* **RECORDS PROVIDED**:
==========
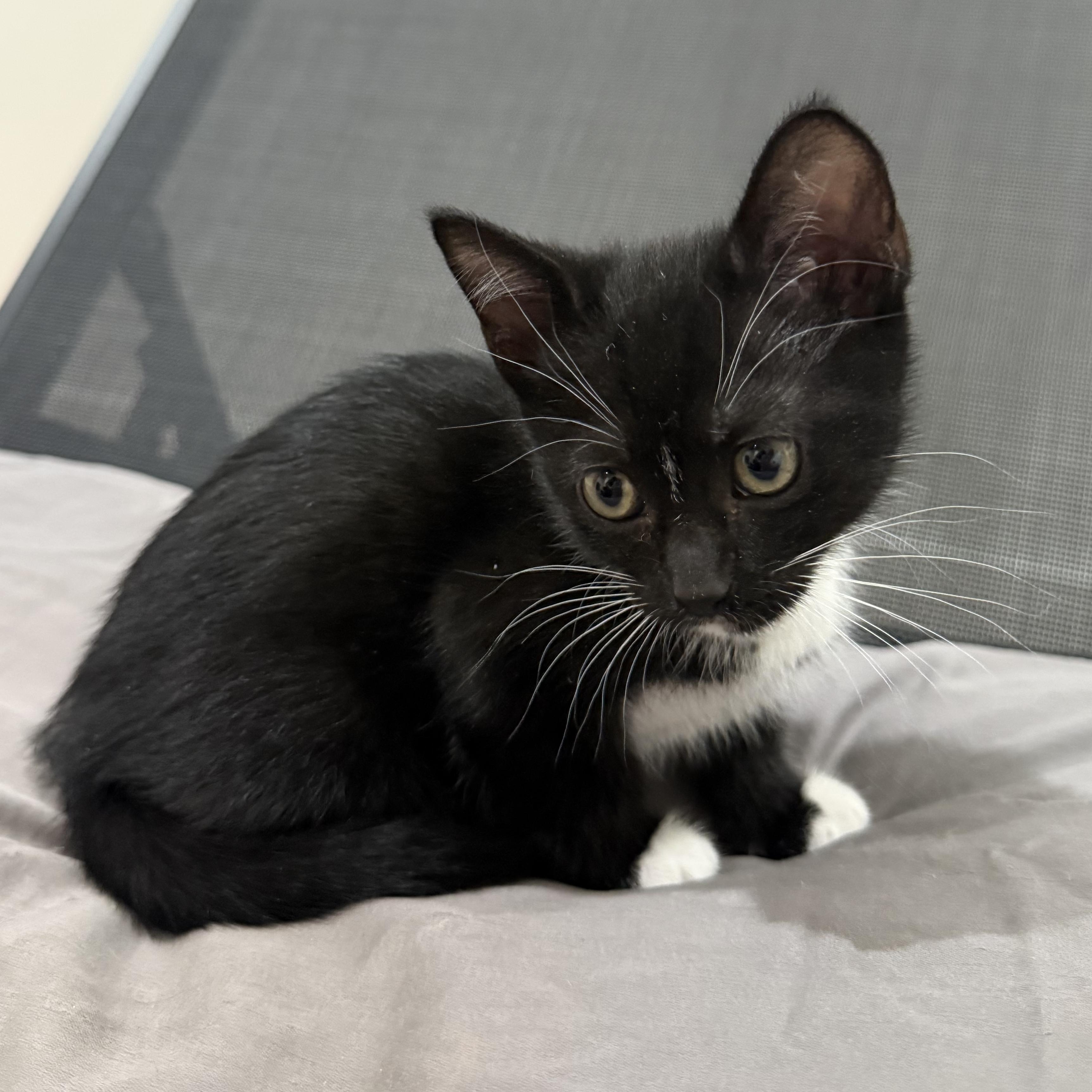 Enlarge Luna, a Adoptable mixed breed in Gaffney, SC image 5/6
==========
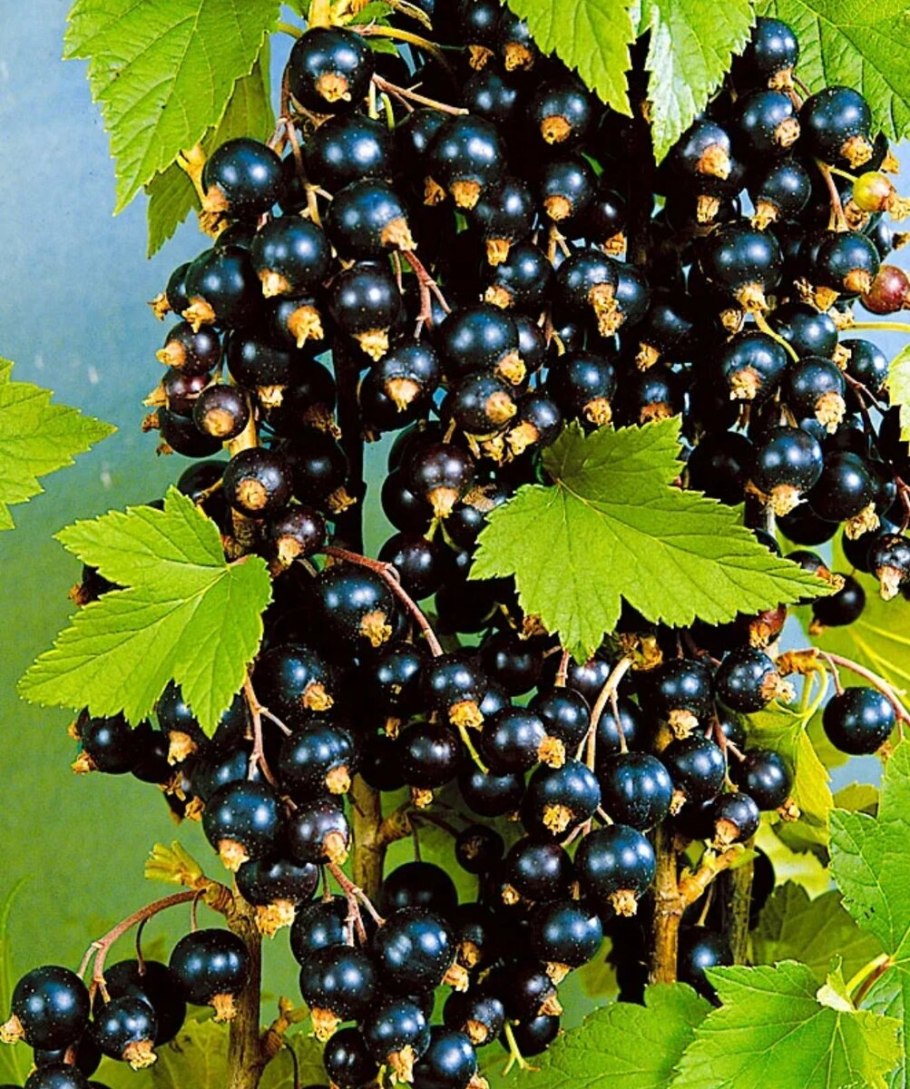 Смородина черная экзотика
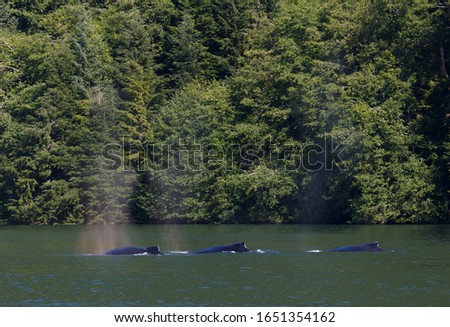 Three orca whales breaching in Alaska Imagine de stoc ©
==========
* **REQUIRED ACTION**: Within the listing above, copy exactly the lines that start at the one with "Смородина черная экзотика" and continue through the one with "Three orca whales". Omit pictures.

* **OUTPUT FOR THIS TASK**:
 Смородина черная экзотика
 Three orca whales breaching in Alaska Imagine de stoc ©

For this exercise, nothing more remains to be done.